● Record set

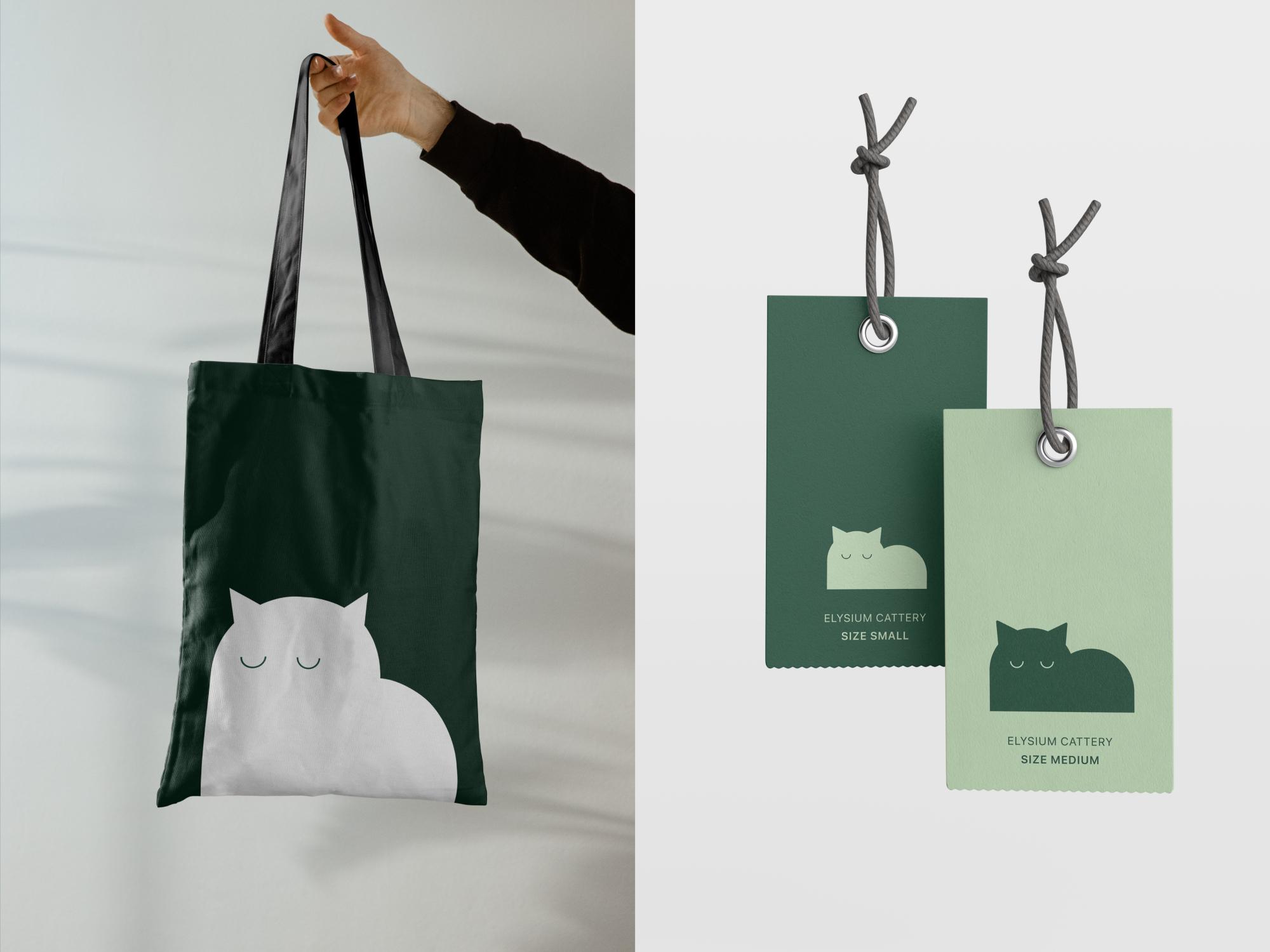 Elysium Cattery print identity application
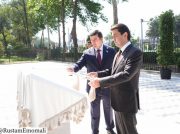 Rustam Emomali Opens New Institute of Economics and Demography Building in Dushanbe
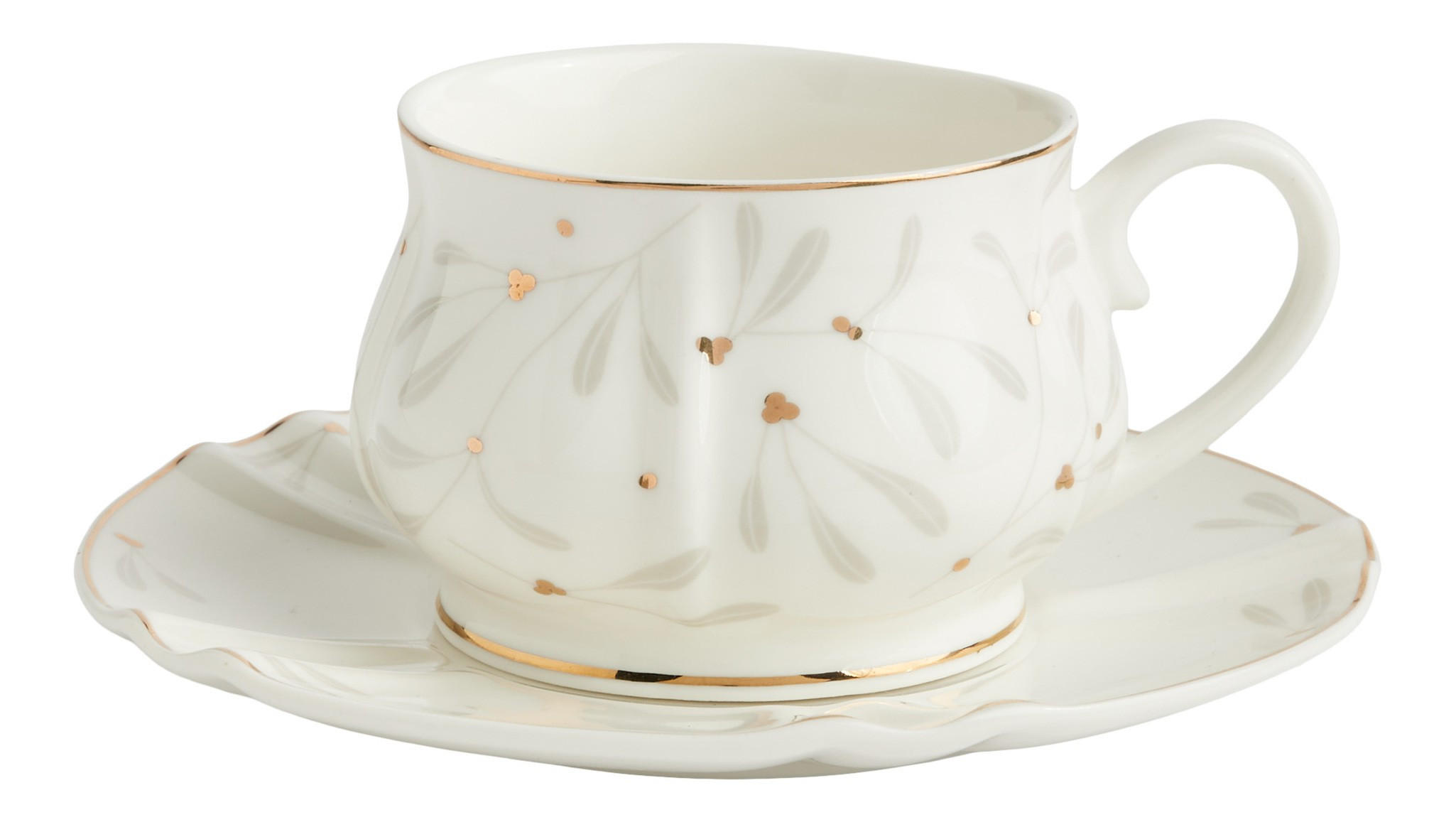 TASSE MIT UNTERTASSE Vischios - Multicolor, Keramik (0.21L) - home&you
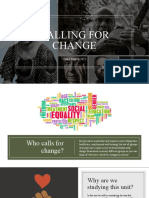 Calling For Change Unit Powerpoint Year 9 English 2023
---
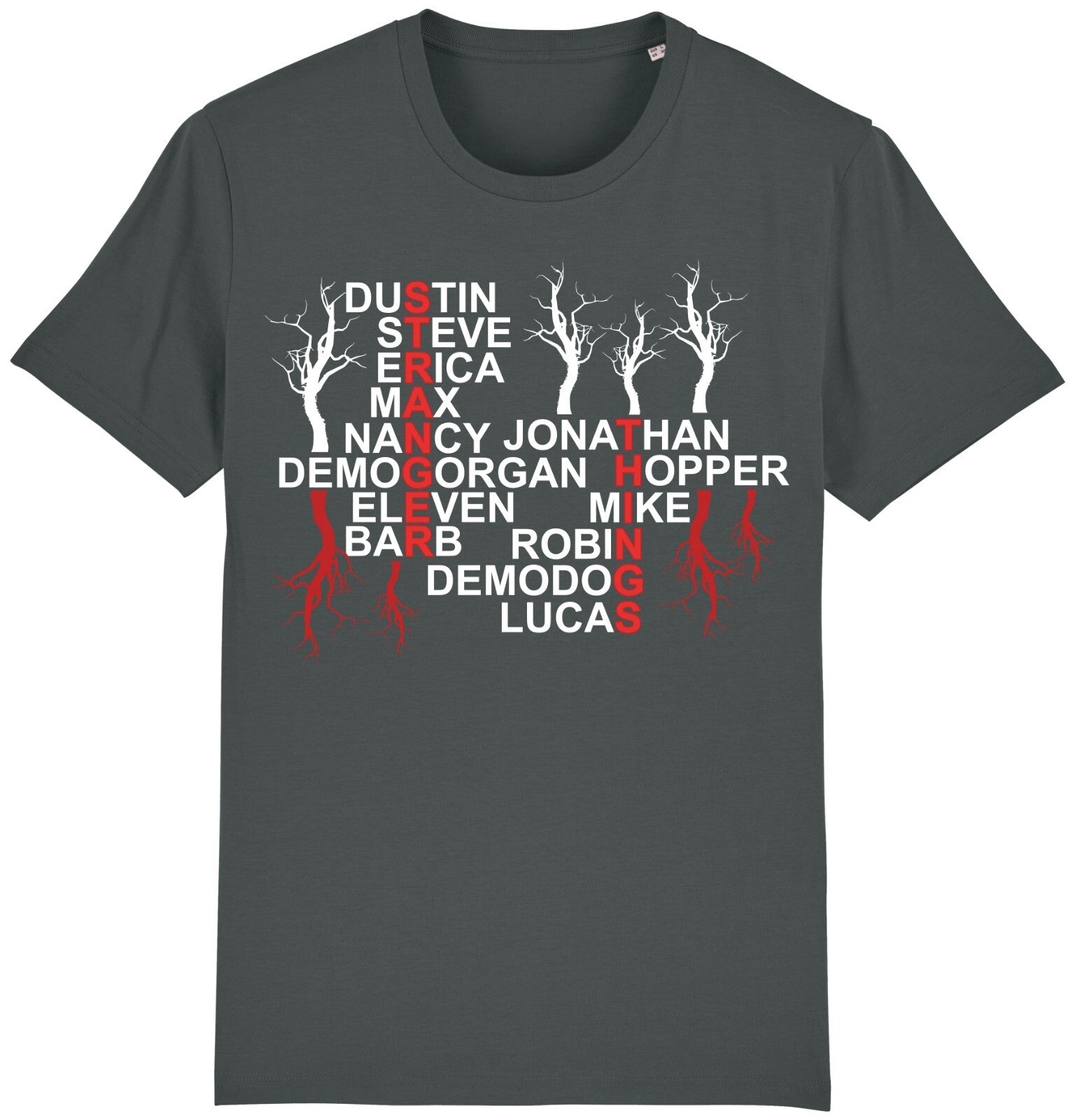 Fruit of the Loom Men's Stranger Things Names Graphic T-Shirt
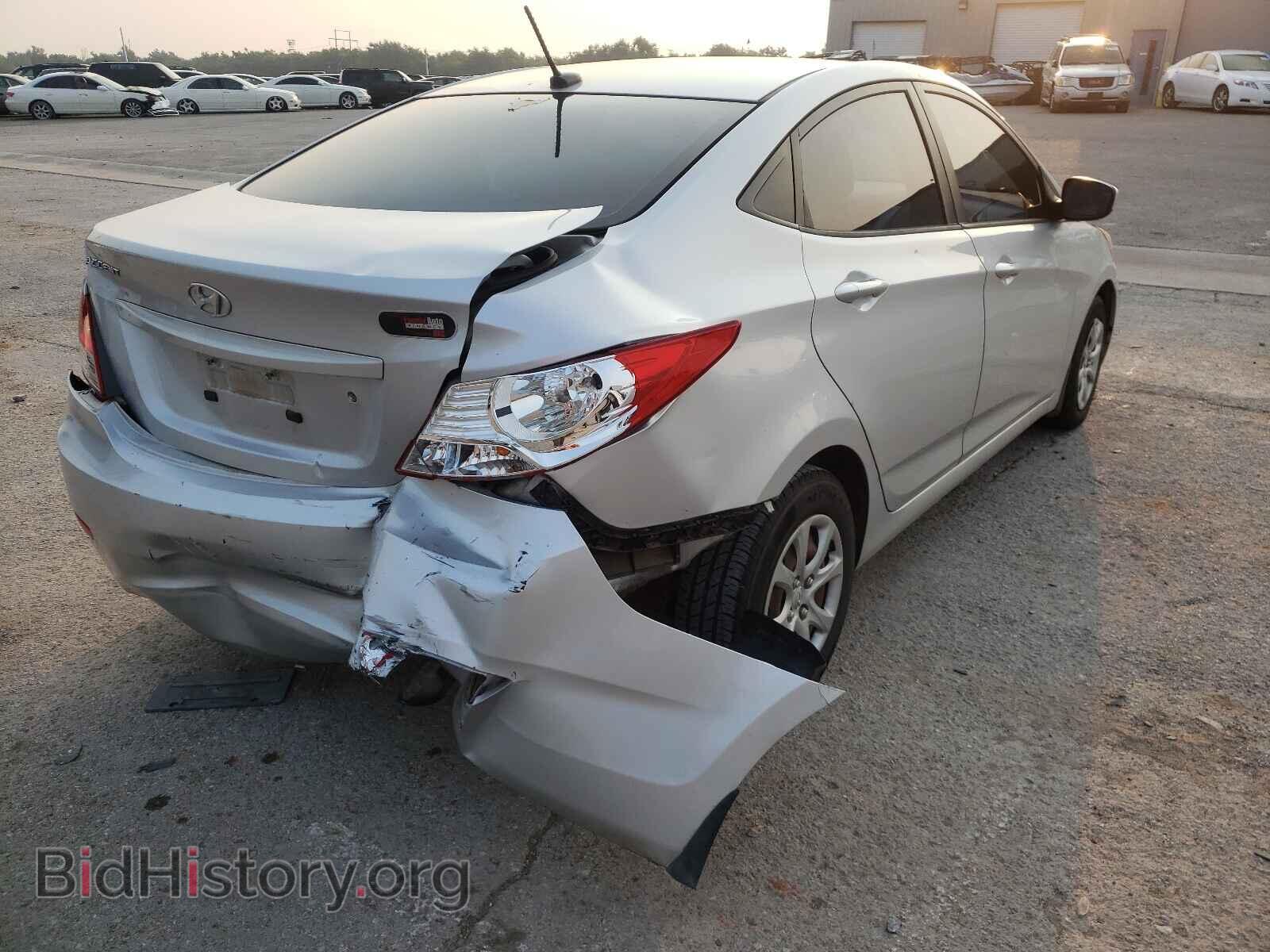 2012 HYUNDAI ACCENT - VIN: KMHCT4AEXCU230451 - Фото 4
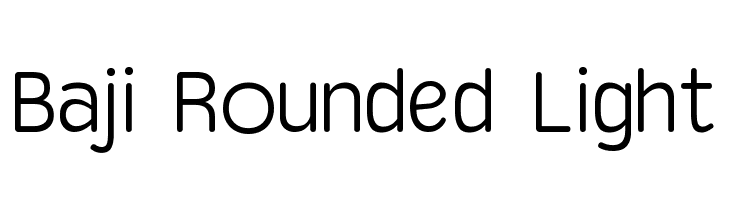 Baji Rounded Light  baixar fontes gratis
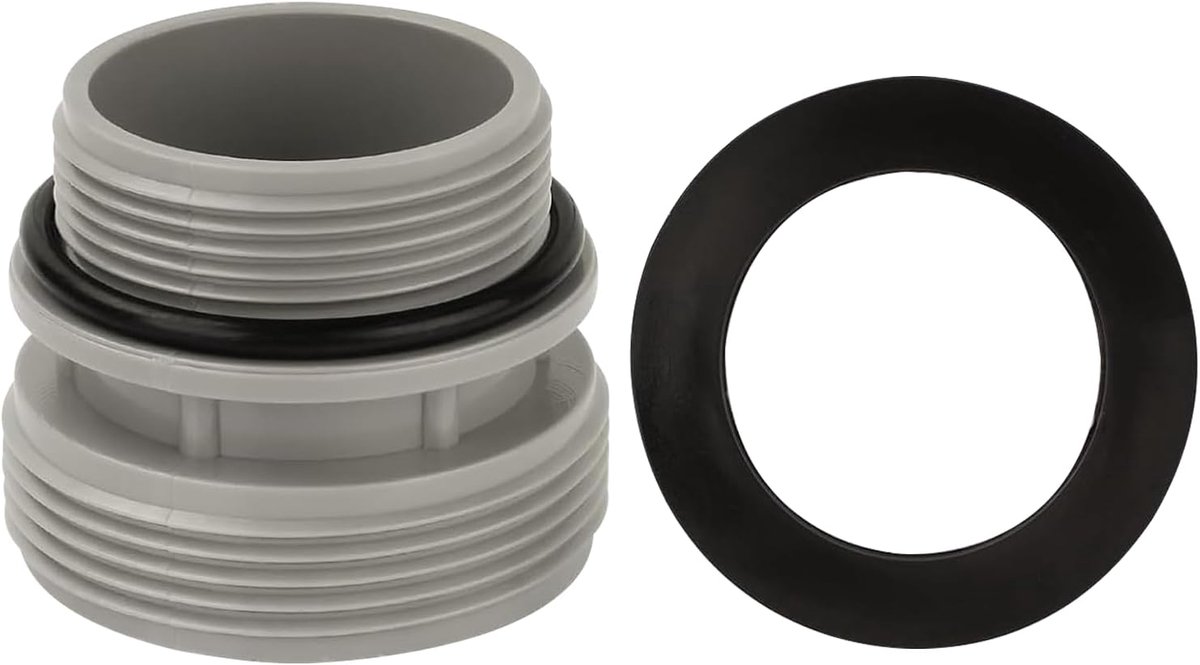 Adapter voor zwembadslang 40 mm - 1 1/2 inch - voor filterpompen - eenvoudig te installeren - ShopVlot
...
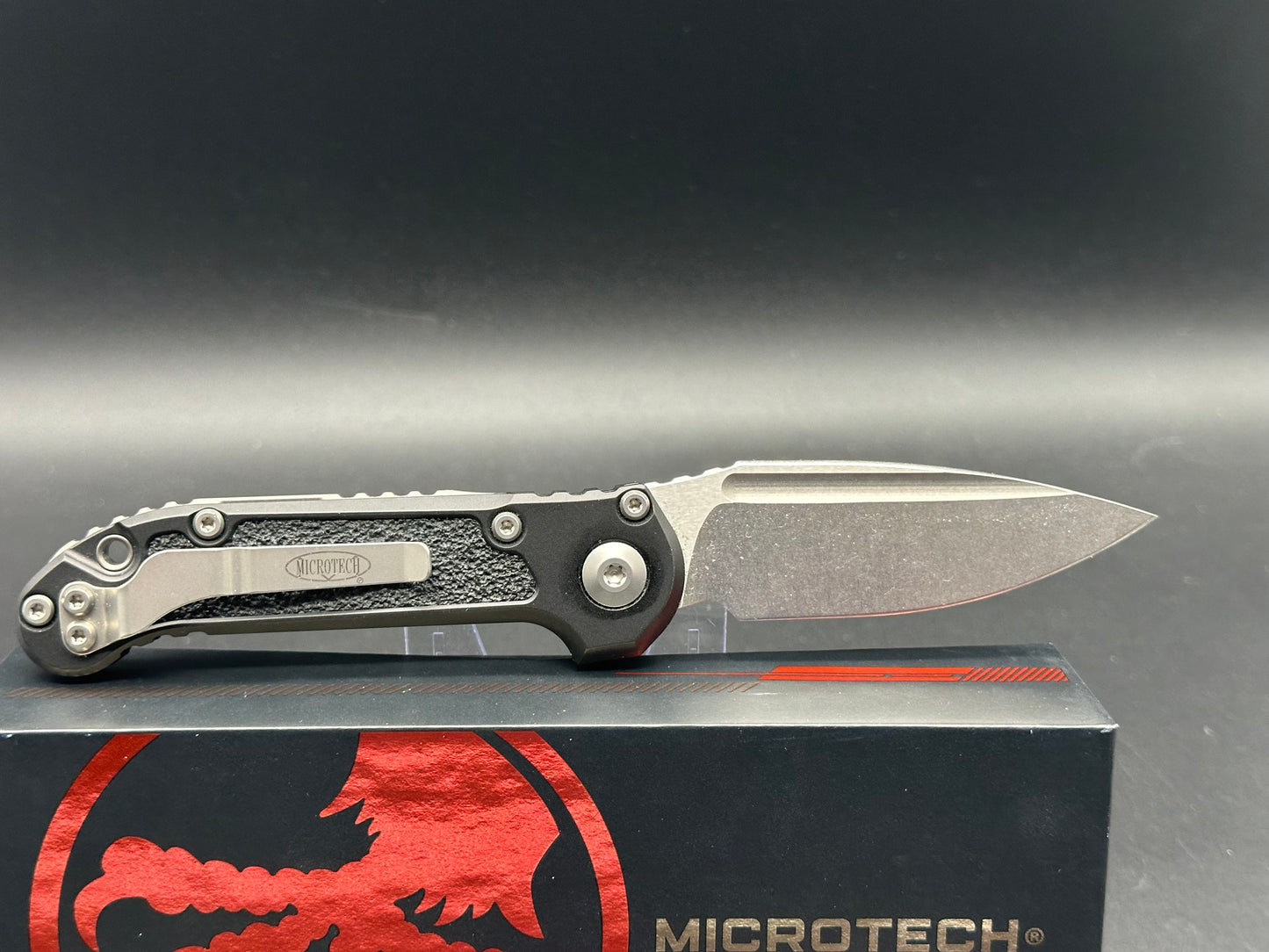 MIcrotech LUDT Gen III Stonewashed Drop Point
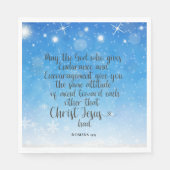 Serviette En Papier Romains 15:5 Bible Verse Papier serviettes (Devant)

● Work to complete
Set the pictures aside and retype exactly the lines above from the line with "Fruit of the" to the line with "Adapter voor zwembadslang", both included, adding no others.

● Response to the exercise
 Fruit of the Loom Men's Stranger Things Names Graphic T-Shirt
 2012 HYUNDAI ACCENT - VIN: KMHCT4AEXCU230451 - Фото 4
 Baji Rounded Light  baixar fontes gratis
 Adapter voor zwembadslang 40 mm - 1 1/2 inch - voor filterpompen - eenvoudig te installeren - ShopVlot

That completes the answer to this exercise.